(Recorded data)
- - - -

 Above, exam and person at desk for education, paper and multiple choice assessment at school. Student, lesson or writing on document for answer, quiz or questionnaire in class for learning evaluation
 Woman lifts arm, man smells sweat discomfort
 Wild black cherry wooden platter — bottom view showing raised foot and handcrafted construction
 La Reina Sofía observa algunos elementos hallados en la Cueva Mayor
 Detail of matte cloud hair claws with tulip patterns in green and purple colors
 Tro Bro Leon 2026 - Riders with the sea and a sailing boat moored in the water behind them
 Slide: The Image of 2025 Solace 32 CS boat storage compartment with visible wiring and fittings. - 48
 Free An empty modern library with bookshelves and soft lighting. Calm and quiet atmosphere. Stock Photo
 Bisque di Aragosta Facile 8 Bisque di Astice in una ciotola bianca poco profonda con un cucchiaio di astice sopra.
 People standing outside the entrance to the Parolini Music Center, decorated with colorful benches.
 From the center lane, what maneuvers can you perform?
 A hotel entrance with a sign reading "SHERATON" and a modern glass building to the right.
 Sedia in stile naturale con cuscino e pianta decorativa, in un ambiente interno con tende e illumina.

- - - -

The task -
Write down, word for word, the lines above from the one containing "Bisque di Aragosta" through the one containing "From the center", both ends included.

Result below -
 Bisque di Aragosta Facile 8 Bisque di Astice in una ciotola bianca poco profonda con un cucchiaio di astice sopra.
 People standing outside the entrance to the Parolini Music Center, decorated with colorful benches.
 From the center lane, what maneuvers can you perform?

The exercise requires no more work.